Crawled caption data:
════════════════

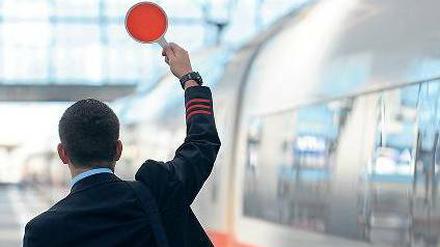 Alles auf rot. Tagelange Streiks und bundesweite Zugausfälle waren 2007 und 2008 die Folge, als die Lokführer ein eigenständiges Tarifwerk verlangten. Jetzt könnte den Bahn-Kunden ein ähnliches Szenario ins Haus stehen.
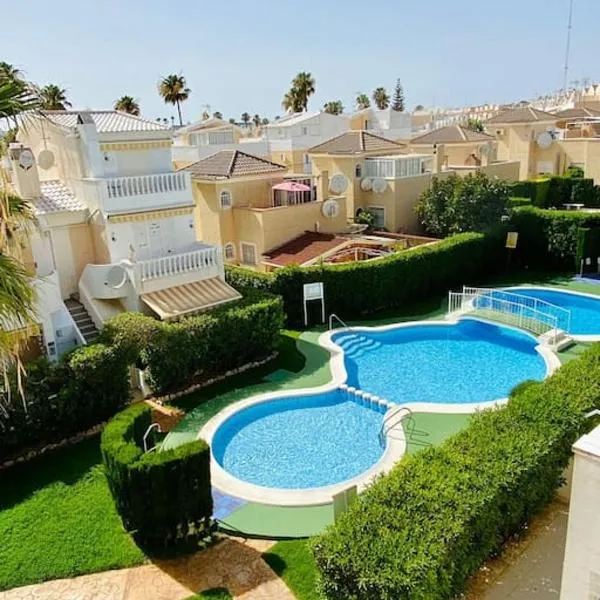 Casa a 7 minutos de la playa con aire acondicionado, hotel v destinaci El Moncayo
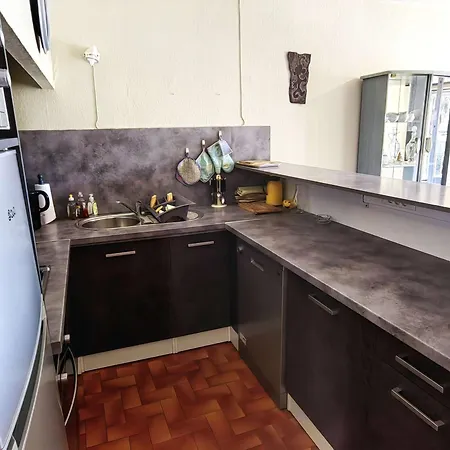Apartamento Spacieux T3 Avec Piscine Et Parking Pres Du Port - Fr-1-607-10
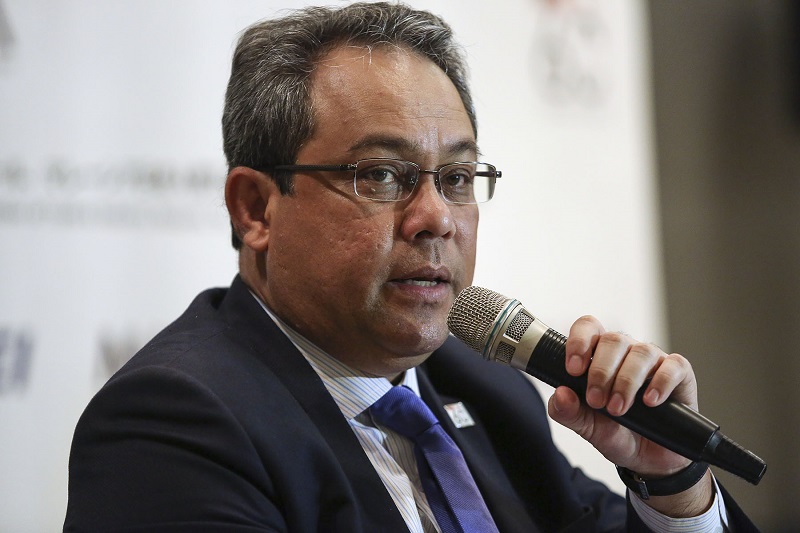 Chief Executive Officer of MIDA Datuk Azman Mahmud speaks during a press conference at the Malaysia Nikkei Business Forum 2017 at the Mandarin Oriental Hotel in Kuala Lumpur November 30, 2017. u00e2u20acu201dPicture by Yusof Mat Isa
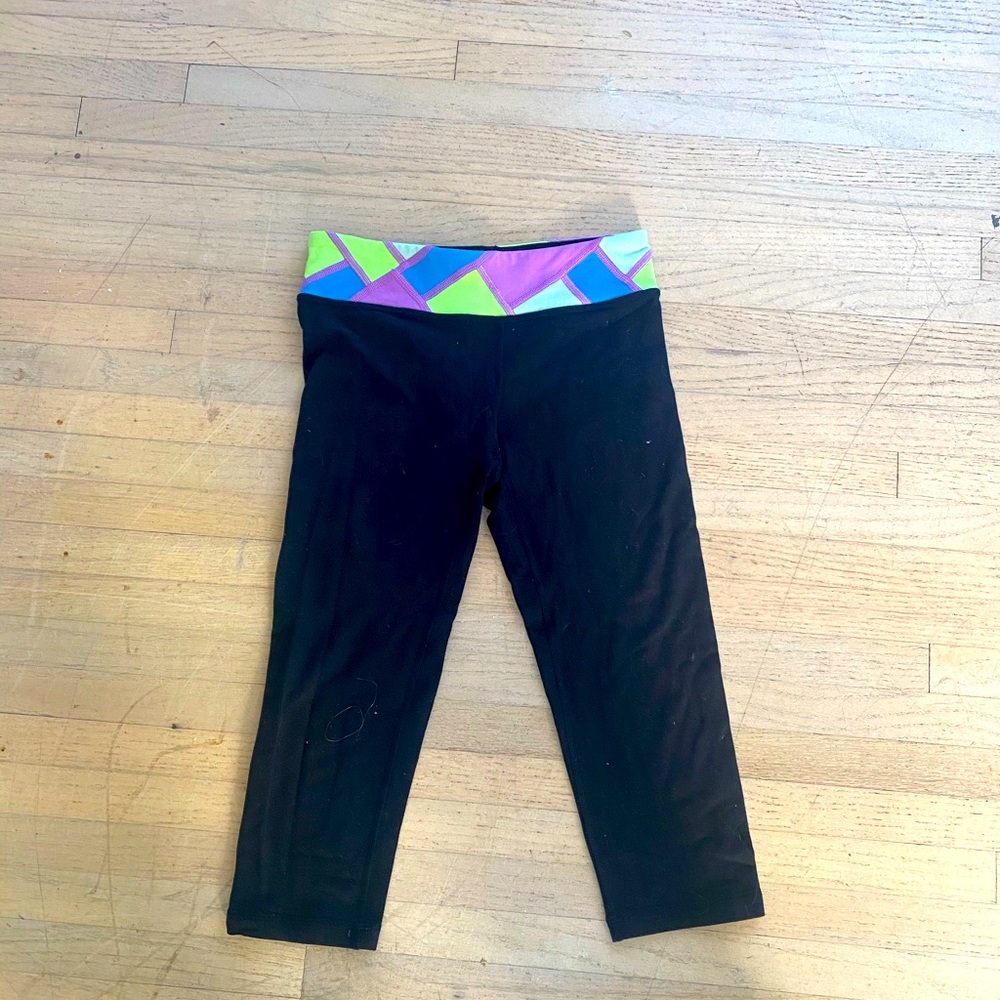 Reversible Ivivva Capri Leggings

════════════════

Where the line containing "Casa a 7 minutos" appears in the data above, begin there and output every line through the last, exactly and without pictures.

SOLUTION TO THIS TASK ::
 Casa a 7 minutos de la playa con aire acondicionado, hotel v destinaci El Moncayo
Apartamento Spacieux T3 Avec Piscine Et Parking Pres Du Port - Fr-1-607-10
 Chief Executive Officer of MIDA Datuk Azman Mahmud speaks during a press conference at the Malaysia Nikkei Business Forum 2017 at the Mandarin Oriental Hotel in Kuala Lumpur November 30, 2017. u00e2u20acu201dPicture by Yusof Mat Isa
 Reversible Ivivva Capri Leggings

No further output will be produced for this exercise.